I bought some 6 gallon jugs about 18 months ago, but you'll spend more on the jug than what you'll save.
(I use them to store ethanol-free gas for my power tools. I buy the gas at an airport about 25 minutes away from my house, and at $6 a gallon, it's "worth it" to make a trip about once a season.)
The airport that I go to sells both unleaded and "low lead." It's very easy to choose the "unleaded" pump. It's lower octane than 100, but I don't remember the exact value.
I live in area with lots of natural disasters and store fuel on site. It’s already full, but thinking about buying another tank to take advantage of the prices
I filled my car in Wisconsin for the first time in 2 months at $0.989 for 87 octane. I think the last time I paid that price the attendant filled it for me.
The states on that list include New York, Michigan, Arkansas, Mississippi, Oklahoma, Ohio, Colorado, Missouri, Iowa, Virginia, Wisconsin, Kansas and Kentucky.
Keep in mind though that prices are not in any way shape or form set at the state level. This could just mean that one small region of the state has that price while the major metro areas where 95% of the states population live are 250% higher still.
> Keep in mind though that prices are not in any way shape or form set at the state level
Gasoline / Diesel taxes vary pretty widely from state to state. Taking from either end, gas in Alaska is taxed at 14.6 cents per gallon, while California's gas tax is more than quadruple that at 61.2 cents. The gap is even bigger for diesel.
Maybe this is a semantic critique, but the assertion that prices are not set at the state level seems a naive one. They're not "set" at the federal level either, but taxes bear on the price significantly at both levels, though more uniformly at the latter.
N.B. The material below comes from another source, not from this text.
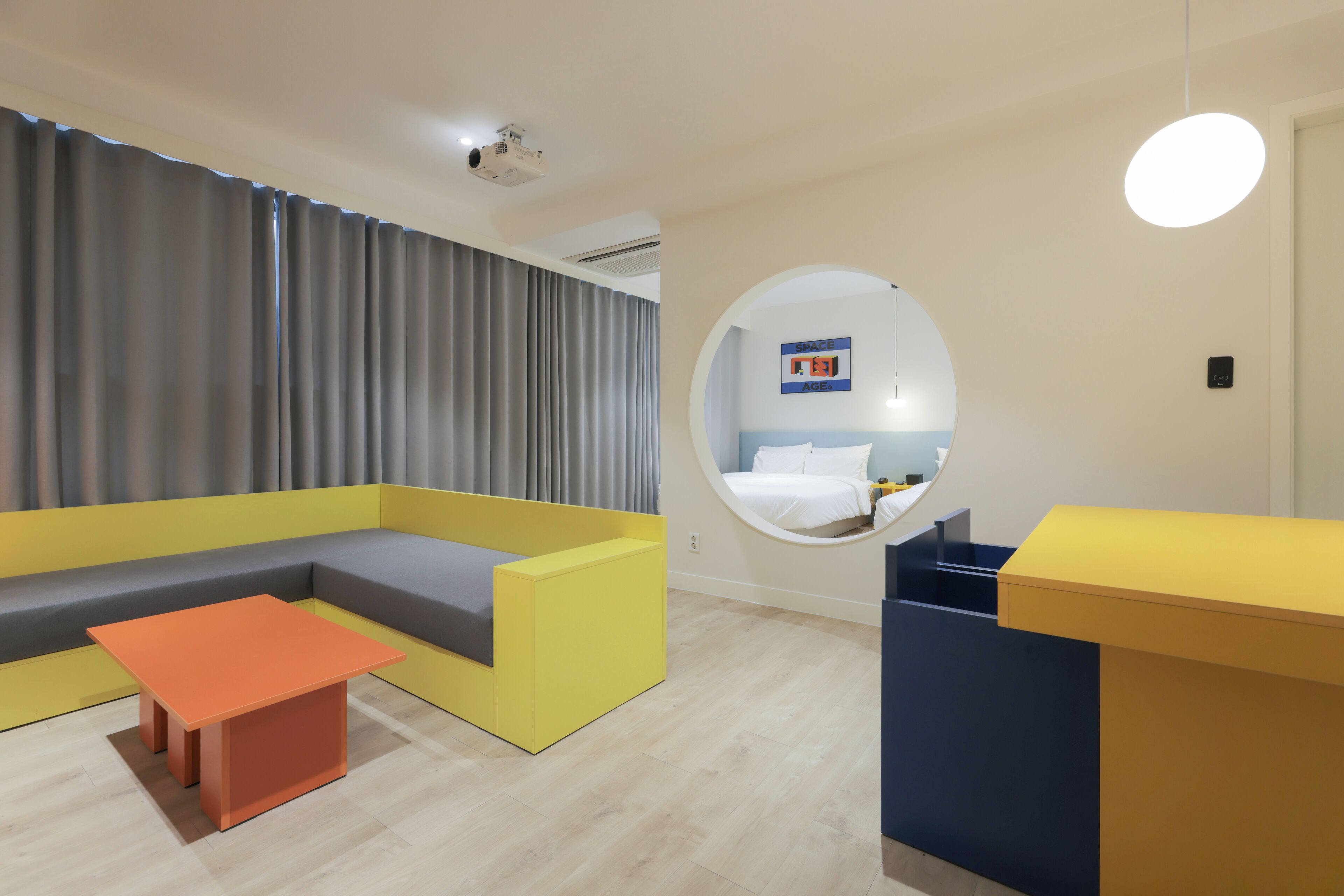 Una habitación de hotel moderna con un sofá amarillo, una mesita naranja pequeña y un espejo circular en la pared.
I live in one of the large metros in Ohio, prices are all still $1.30-1.50/gallon here. Like most of the locations in the article, I would guess the sub-dollar prices are very isolated locations or special circumstances (no-tax native american reservations like I saw in other comments?)
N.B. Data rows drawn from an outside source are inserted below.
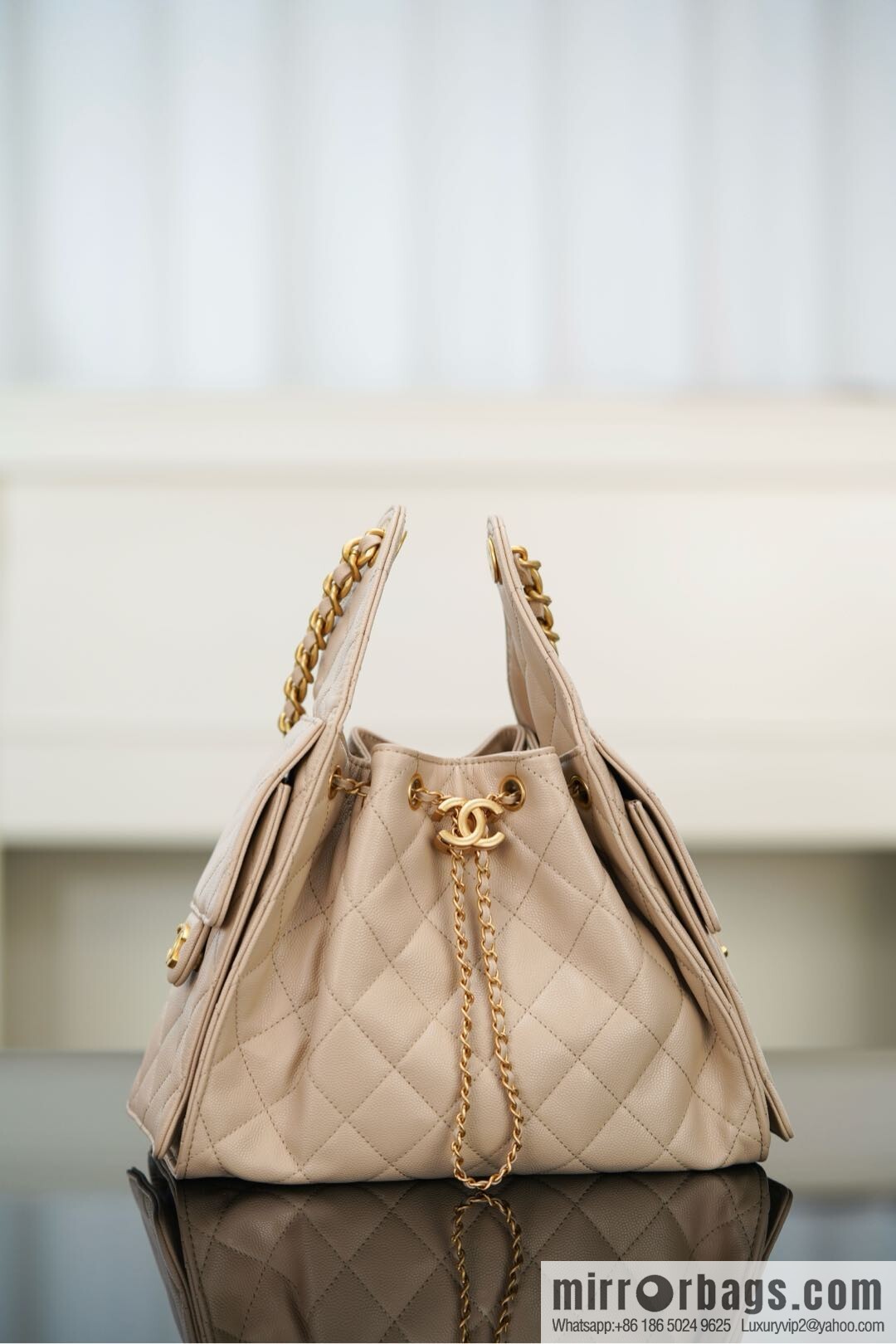 𝐂𝐡𝐚𝐧𝐞𝐥 𝟐𝟓𝐬 𝐬𝐦𝐚𝐥𝐥 𝐡𝐨𝐛𝐨 Drawstring Bucket Bag, Apricot Caviar, Small ✔️ AS5293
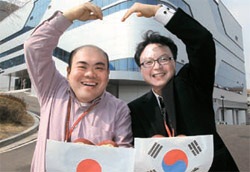 先月２８日、日本ソフトバンクのハガワラ・ミノル氏（左）と韓国のＫＴ－ＳＢデータサービスのイ・ヨンギ・チーム長が金海（キムヘ）データバンク社屋の前で協力を強調するポーズを見せている。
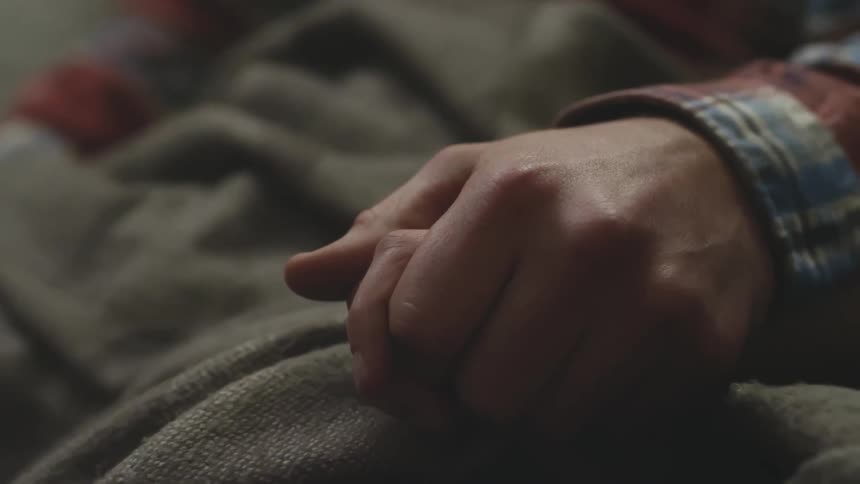 Two people holding hands
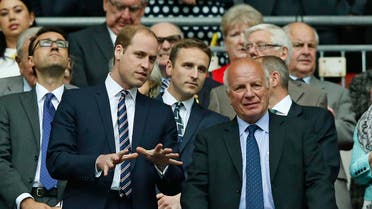 Britain's Prince William, left, gestures as he stands with FA chairman Greg Dyke after the English FA Cup final soccer match between Aston Villa and Arsenal at Wembley stadium in London, Saturday, May 30, 2015. AP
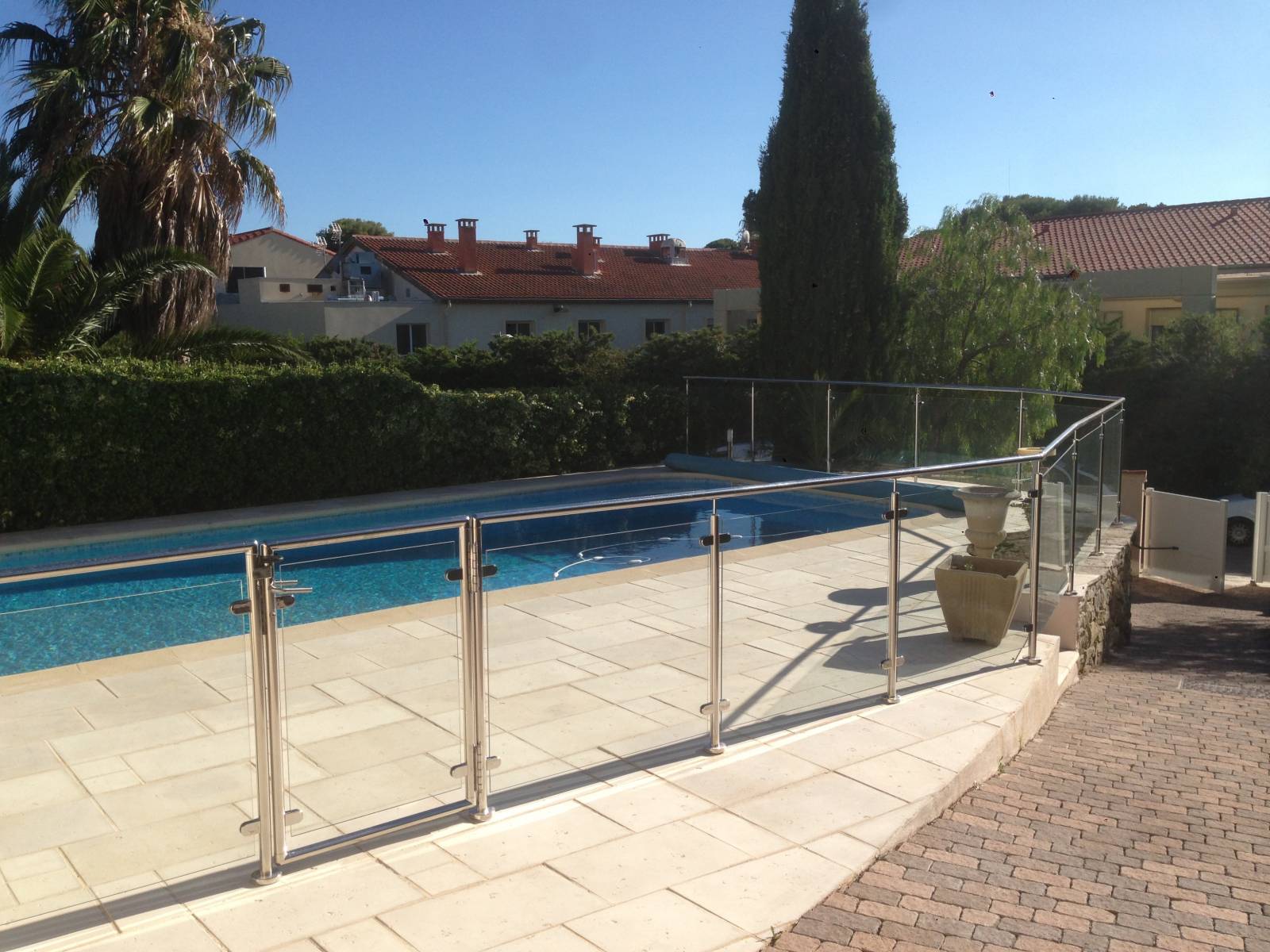 Rambarde en inox et verre autour d'une piscine à Sanary, offrant une vue dégagée tout en assurant la sécurité.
Is this website about internal combustion engine fuels? Or it's just an aggregator of all american newspapers? I thought HN is something about software and programming.
One of my cars is a long-range Tesla, the other is a plug-in hybrid that can go about 30-ish miles on a battery.
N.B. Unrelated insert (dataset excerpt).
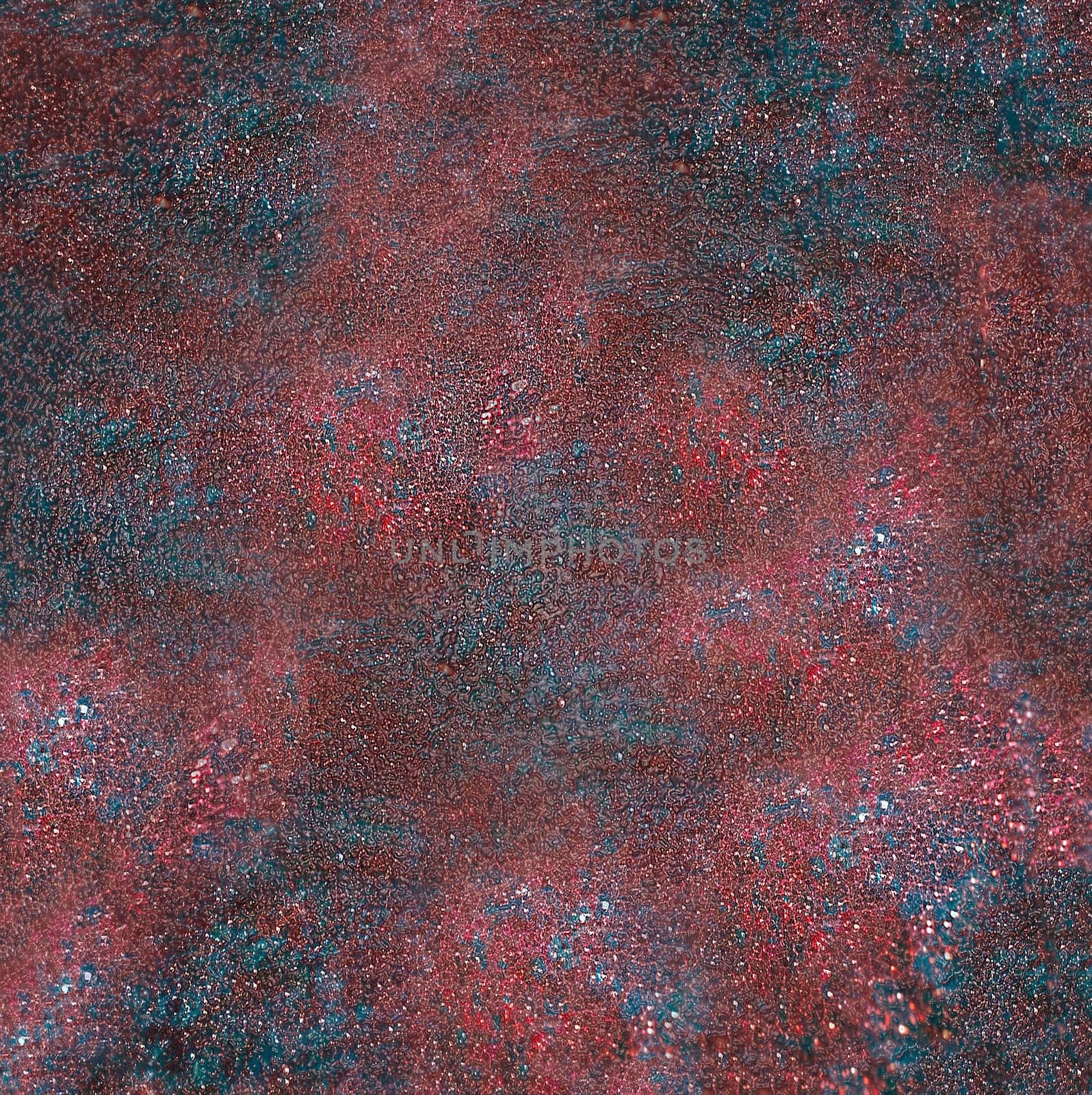 A colorful solid relief mottled surface made of a rough gray base with uneven depressions.Texture or background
At the beginning of the lockdown, I looked at my wife and said, "let's stop touching icky gas handles during this whole thing and make sure we only charge at home."
So all of our distance driving uses the Tesla, and we use the plug-in hybrid for in town driving.
In my case, I'm an environmentalist. A good friend of mine, who's an Uber driver, just bought a Model 3 Dual Motor, same car that I have. (Although I don't know if he paid for enhanced autopiolot.)
> Must be nice to be rich.
Money is also about understanding the difference between the cost of equipment versus the cost of ownership. A gas car costs more to operate than an electric car.
It's easy to misunderstand the cost of an electric vehicle. In general:
1: $60k: I spent (rough numbers) $60k on a Model 3 Dual Motor
2: -$10k: I got $7500 back from the federal government, and $2500k from my state. (Purchased in December 2018)
3: -$10k: I will save (rough numbers) $10k over the life of the car because charging at home is cheaper than buying gas, and because electric cars are much cheaper to maintain. (I had a Leaf for 4 years and only paid to rotate the tires.)
My Model 3 Dual Motor is (roughly) like spending $40k on a gas car. Plenty of middle-class people buy cars in this price range.
The difference is that more of my ongoing costs are in the loan, which never changes, compared to things like gas, where the price fluctuates.
That's not a good way to describe HN. Yes there are a lot of software engineers here, but there are many others as well. They're just as welcome and HN is just as much "for" them.